Blast from the Past: Computing the Hard Way
Steve Ernst, Marc Hackert and Jon Robertus modeling proteins in 1978. Image courtesy Center for American History.
Steve Ernst, Marc Hackert and Jon Robertus modeling proteinsin 1978. Image courtesy Center for American History.

When biochemists Marv Hackert, Jon Robertus and Steve Ernst began using the Vector General computer graphics system (pictured here) in 1978 to assist with modeling protein structures, it was at best a very limited and very expensive tool.

For the roughly $250,000 which the university spent on the system, researchers got black and white images plotted in straight lines (no curves), and they still had to do most of the work themselves, entering the thousands of coordinates into the computer in order for it to do its work. The computer was less powerful, says Robertus, than a $400 PC is today.

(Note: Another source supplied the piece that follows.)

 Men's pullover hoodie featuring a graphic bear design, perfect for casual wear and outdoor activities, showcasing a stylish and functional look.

“Our attitude was: that’s nice, but it’s slow,” says Hackert. The computer was almost an afterthought to the primary process of modeling new protein structures in a Richards Box—also known as “Fred’s Folly”—which used a light bulb, a mirror, and a series of stacked transparencies to transfer the information from X-ray crystallography into a ball-and-spoke model of a protein molecule.

The process took months, and feeding the coordinates into the computer could add another month. The computer representation was helpful, says Robertus, but “not essential.” Not until the 1990s did the software and hardware become sophisticated and powerful enough to really revolutionize the field.

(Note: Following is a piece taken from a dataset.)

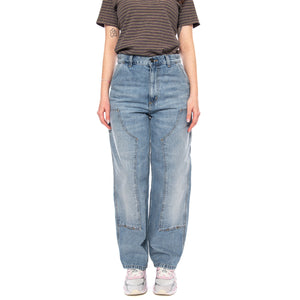 W' Brandon Double Knee Pant Blu - Pantaloni Denim Jeans Donna Blu I034462 01UR CARHARTT WIP 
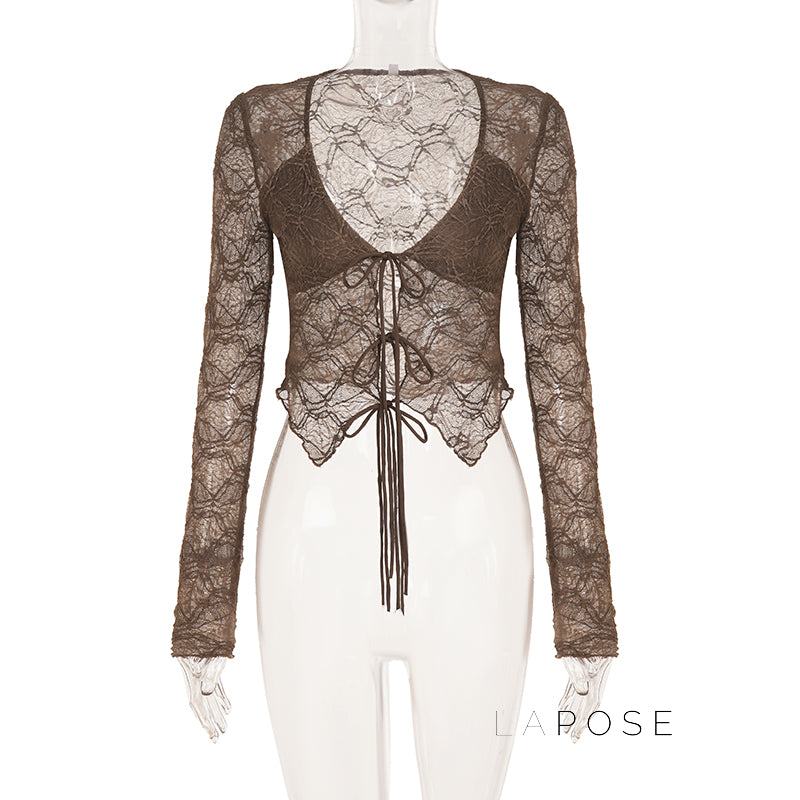 Xaria Sheer Lace-Up Cardigan [K3PR4TXD]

“Now we can feed an electron density map into a computer and have a model in less than an hour,” says Hackert. “In the early days, it was like the California Gold Rush. You’d be in the stream and you’d find a nugget and hold it up to the light and appreciate it. This was when we were just starting to solve these structures, and every new structure was an event. Now, when we have tens of thousands of structures, it’s like blasting a mountainside, and washing away the dirt with high-pressure hose. It’s all automated. You never get the joy of holding up the nugget.”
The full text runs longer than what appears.